On Friday November 23rd 2012, as part of a series of late night free public events, the lights at the Pitt Rivers Museum were turned off, plunging the galleries into a world of darkness and sound. A thick black curtain was pulled across the bottom of the entrance stairs, turning the entire museum into one large stage. Visitors were given wind up torches to explore the galleries in the dark, accompanied by a four-hour immersive soundtrack of Bayaka music selected from the Louis Sarno collection. Nathaniel Robin Mann, the museum’s Embedded composer in residence, collaborated with Noel Lobley, the museum’s ethnomusicologist, to deliver a range of archival sounds on multiple levels. Through a combination of PA systems, wireless mics, live streaming and localized sound installations, ethnographic sound was designed to become a tangible and physical part of the gallery experience.

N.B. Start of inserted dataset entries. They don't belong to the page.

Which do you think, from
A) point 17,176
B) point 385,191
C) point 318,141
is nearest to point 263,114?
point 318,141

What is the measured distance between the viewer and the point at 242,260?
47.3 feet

Three of the Museum’s main audio collections – Louis Sarno’s recordings from the Central African Republic, Raymond Clausen’s recordings from Vanuatu, and Father Damian Webb’s children’s songs and games from across Europe, were presented so that the sound archive could engage visitors in different ways that reflected some of the variations in recording style and content. Webb’s recordings, made in playgrounds across Europe, were played back accompanied by a loop of Webb’s field photographs while Simone Dogherty, a Families Education Officer, taught some of the songs, games and activities to families. Sound artist and composer Robin Alderton was commissioned to plunder the archive and build a textural composition from the Raymond Clausen collection. Alderton searched for recording errors, reels recorded at wrong speeds, microphone tests, and the voice of the collector. Nestled amongst the cabinets of the lower gallery with collecting equipment, old Dansettes, dictaphones and other recorders, he composed loops that swelled into a localized soundscape. Alderton performed as a living collector, sampling and recycling archival fragments of voices and mistakes into an organic composition that brought life the hidden creative processes of sound collecting.

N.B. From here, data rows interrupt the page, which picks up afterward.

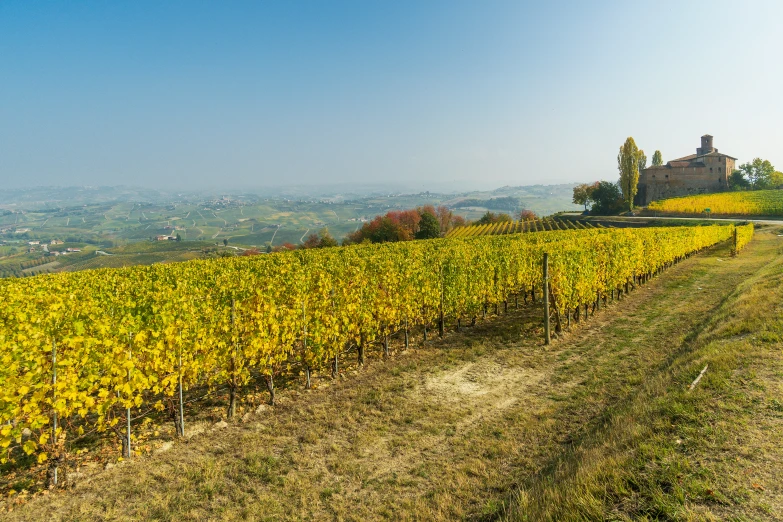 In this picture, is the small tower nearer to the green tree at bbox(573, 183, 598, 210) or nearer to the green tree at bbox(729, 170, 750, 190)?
the green tree at bbox(729, 170, 750, 190)

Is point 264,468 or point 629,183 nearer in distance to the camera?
point 264,468

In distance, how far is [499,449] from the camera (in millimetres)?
6809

The Louis Sarno collection of Bayaka recordings consists of more than 1000 hours documenting the entire range of music making and soundscapes of a single community of hunter-gatherers recorded across more than a generation. Recorded in and around the rainforests of the Central African Republic and northern Congo, the archive includes every imaginable sound, from melodic water drums to rasping earth bows, from spirits speaking through the sounds of leaves popping, to stunning polyphonic swells of massed female choirs. Sarno has lived with a Bayaka community for almost thirty years, and his recordings are richly immersive, documenting the relationship between music and the wider forest environment. The most effective way to broadcast these in the museum spaces was to use PA systems to envelope the entire galleries so that the sound could be fully experienced as people walked around. Visitors moved through the sounds of laughter, forest hunting signals and songs, and water drums sloshing round the galleries.

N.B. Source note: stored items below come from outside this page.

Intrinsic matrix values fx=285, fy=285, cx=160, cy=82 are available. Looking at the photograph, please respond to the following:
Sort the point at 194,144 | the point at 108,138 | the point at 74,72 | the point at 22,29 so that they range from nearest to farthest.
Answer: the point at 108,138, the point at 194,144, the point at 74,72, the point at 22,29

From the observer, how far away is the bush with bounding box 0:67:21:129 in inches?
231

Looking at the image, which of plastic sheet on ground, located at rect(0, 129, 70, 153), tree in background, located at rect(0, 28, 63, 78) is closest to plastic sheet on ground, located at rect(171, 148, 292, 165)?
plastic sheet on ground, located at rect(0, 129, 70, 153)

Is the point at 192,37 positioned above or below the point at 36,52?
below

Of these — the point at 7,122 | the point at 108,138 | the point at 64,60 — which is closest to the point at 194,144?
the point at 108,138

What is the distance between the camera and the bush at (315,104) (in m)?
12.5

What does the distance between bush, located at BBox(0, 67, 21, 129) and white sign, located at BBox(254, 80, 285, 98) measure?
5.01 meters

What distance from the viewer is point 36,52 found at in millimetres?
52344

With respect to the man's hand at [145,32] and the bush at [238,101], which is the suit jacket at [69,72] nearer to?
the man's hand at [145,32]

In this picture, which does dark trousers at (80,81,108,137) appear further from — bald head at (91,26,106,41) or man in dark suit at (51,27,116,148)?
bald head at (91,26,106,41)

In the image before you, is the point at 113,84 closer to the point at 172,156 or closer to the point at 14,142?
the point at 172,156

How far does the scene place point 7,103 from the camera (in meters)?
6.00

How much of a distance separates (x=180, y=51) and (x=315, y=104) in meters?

In order to integrate Bayaka music more firmly within Sarno’s collection of images from the rainforests and into the gallery spaces, Nathaniel Mann designed a visualizer which displayed the sound wave generated by the music being broadcast and which could be seen on top of images being projected from the rainforests. The sound wave was directly generated from microphone inputs in laptops meaning that the projected sound wave and images would constantly change depending on the soundscape of the museum galleries at any particular moment. Visitors realised that they could change the sound wave, and hence the nature of the forest image behind it, by clapping, singing and making any kind of noise, and so began to participate in the music. The four-hour playlist of Bayaka music was streamed live via a webcam, and back in the Central African Republic Louis Sarno and some of his Bayaka friends walked for more than an hour to visit the World Wildlife Fund office in Bayanga in order to watch the live stream via satellite phone. Louis tells me that the Bayaka were immensely proud to see and hear their music being experienced in this way.